### Work to be completed:
The reply should hold only the lines from the one with "Chlorophytum triflorum" to the one with "[upl. by Elokyn]", both ends kept, exactly as they appear below, without any pictures.

### Material supplied:
━━━━━━━━━━━━━━━━

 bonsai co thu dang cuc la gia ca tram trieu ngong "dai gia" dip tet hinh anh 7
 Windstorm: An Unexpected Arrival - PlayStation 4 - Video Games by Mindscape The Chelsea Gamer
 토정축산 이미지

━━━━━━━━━━━━━━━━

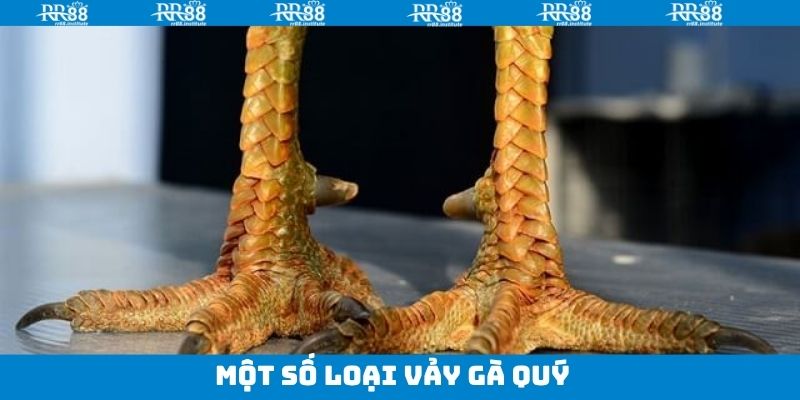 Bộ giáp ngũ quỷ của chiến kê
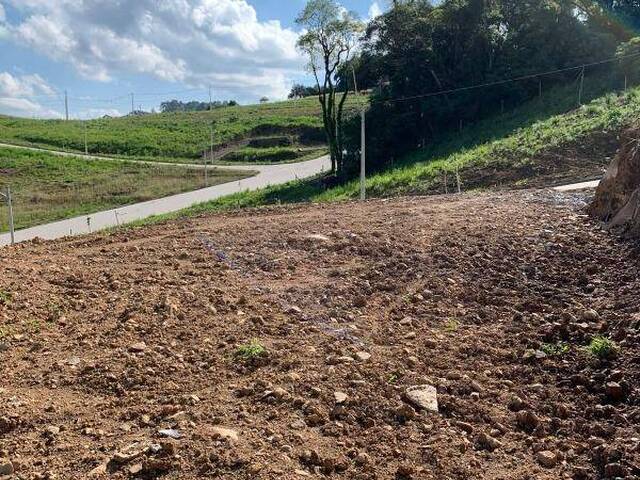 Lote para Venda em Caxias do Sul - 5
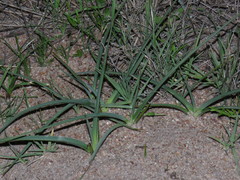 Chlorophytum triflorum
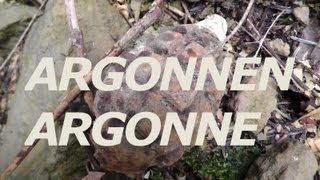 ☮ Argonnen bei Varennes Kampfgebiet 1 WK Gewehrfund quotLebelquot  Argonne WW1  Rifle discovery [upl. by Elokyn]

━━━━━━━━━━━━━━━━

### Output for this exercise:
 Chlorophytum triflorum
 ☮ Argonnen bei Varennes Kampfgebiet 1 WK Gewehrfund quotLebelquot  Argonne WW1  Rifle discovery [upl. by Elokyn]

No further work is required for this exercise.